• [Directions for this task] Below are the records. Restate word for word every line from the one that contains "Close-up of black" through the final line, both included.

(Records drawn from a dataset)
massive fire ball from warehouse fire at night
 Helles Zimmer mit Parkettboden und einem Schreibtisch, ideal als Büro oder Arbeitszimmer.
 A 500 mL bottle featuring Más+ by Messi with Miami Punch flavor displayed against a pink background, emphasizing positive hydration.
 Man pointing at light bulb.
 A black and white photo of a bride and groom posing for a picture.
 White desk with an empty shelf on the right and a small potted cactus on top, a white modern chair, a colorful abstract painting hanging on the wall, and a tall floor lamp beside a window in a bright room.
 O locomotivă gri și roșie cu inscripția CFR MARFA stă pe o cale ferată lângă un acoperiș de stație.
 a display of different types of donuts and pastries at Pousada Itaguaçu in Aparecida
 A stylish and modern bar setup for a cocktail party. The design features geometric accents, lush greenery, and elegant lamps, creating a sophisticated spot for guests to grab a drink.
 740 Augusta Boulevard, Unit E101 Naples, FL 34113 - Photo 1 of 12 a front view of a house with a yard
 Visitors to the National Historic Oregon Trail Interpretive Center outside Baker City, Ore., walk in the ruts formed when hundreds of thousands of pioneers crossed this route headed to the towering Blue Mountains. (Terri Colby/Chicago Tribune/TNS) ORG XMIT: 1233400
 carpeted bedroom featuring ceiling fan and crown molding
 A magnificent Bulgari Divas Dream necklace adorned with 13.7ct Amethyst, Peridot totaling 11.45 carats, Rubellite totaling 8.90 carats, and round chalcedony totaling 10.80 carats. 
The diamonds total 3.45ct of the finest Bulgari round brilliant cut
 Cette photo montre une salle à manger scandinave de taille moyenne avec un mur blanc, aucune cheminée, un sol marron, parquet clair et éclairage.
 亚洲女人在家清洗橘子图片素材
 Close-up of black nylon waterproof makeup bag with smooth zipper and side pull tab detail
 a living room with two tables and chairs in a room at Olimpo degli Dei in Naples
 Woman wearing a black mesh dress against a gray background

• [Written answer]
 Close-up of black nylon waterproof makeup bag with smooth zipper and side pull tab detail
 a living room with two tables and chairs in a room at Olimpo degli Dei in Naples
 Woman wearing a black mesh dress against a gray background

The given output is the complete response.